◆ Records to process:
◇ ◇ ◇ ◇ ◇ ◇ ◇

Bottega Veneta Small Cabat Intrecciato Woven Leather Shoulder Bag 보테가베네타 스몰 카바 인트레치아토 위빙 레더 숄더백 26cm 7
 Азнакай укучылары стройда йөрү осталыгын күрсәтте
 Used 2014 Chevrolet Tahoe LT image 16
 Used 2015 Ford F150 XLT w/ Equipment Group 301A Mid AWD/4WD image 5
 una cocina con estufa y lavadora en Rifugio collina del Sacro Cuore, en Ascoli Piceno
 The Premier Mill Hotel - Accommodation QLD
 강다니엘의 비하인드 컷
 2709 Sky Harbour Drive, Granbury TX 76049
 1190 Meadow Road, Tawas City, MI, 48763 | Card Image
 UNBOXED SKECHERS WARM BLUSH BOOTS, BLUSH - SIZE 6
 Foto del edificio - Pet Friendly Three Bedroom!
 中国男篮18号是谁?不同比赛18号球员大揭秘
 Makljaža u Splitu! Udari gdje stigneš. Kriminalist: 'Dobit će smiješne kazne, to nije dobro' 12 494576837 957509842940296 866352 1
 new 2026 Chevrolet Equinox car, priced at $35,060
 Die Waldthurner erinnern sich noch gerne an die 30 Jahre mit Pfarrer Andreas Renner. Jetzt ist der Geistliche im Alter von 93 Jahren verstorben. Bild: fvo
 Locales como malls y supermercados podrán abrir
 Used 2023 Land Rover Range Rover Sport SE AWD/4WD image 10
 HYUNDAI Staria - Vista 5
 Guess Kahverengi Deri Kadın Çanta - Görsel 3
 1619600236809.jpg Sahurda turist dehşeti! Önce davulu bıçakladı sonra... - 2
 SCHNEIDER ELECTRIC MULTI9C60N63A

◇ ◇ ◇ ◇ ◇ ◇ ◇

◆ Required work: All the data above must be copied again. Leave nothing out.

◆ Your solution:
Bottega Veneta Small Cabat Intrecciato Woven Leather Shoulder Bag 보테가베네타 스몰 카바 인트레치아토 위빙 레더 숄더백 26cm 7
 Азнакай укучылары стройда йөрү осталыгын күрсәтте
 Used 2014 Chevrolet Tahoe LT image 16
 Used 2015 Ford F150 XLT w/ Equipment Group 301A Mid AWD/4WD image 5
 una cocina con estufa y lavadora en Rifugio collina del Sacro Cuore, en Ascoli Piceno
 The Premier Mill Hotel - Accommodation QLD
 강다니엘의 비하인드 컷
 2709 Sky Harbour Drive, Granbury TX 76049
 1190 Meadow Road, Tawas City, MI, 48763 | Card Image
 UNBOXED SKECHERS WARM BLUSH BOOTS, BLUSH - SIZE 6
 Foto del edificio - Pet Friendly Three Bedroom!
 中国男篮18号是谁?不同比赛18号球员大揭秘
 Makljaža u Splitu! Udari gdje stigneš. Kriminalist: 'Dobit će smiješne kazne, to nije dobro' 12 494576837 957509842940296 866352 1
 new 2026 Chevrolet Equinox car, priced at $35,060
 Die Waldthurner erinnern sich noch gerne an die 30 Jahre mit Pfarrer Andreas Renner. Jetzt ist der Geistliche im Alter von 93 Jahren verstorben. Bild: fvo
 Locales como malls y supermercados podrán abrir
 Used 2023 Land Rover Range Rover Sport SE AWD/4WD image 10
 HYUNDAI Staria - Vista 5
 Guess Kahverengi Deri Kadın Çanta - Görsel 3
 1619600236809.jpg Sahurda turist dehşeti! Önce davulu bıçakladı sonra... - 2
 SCHNEIDER ELECTRIC MULTI9C60N63A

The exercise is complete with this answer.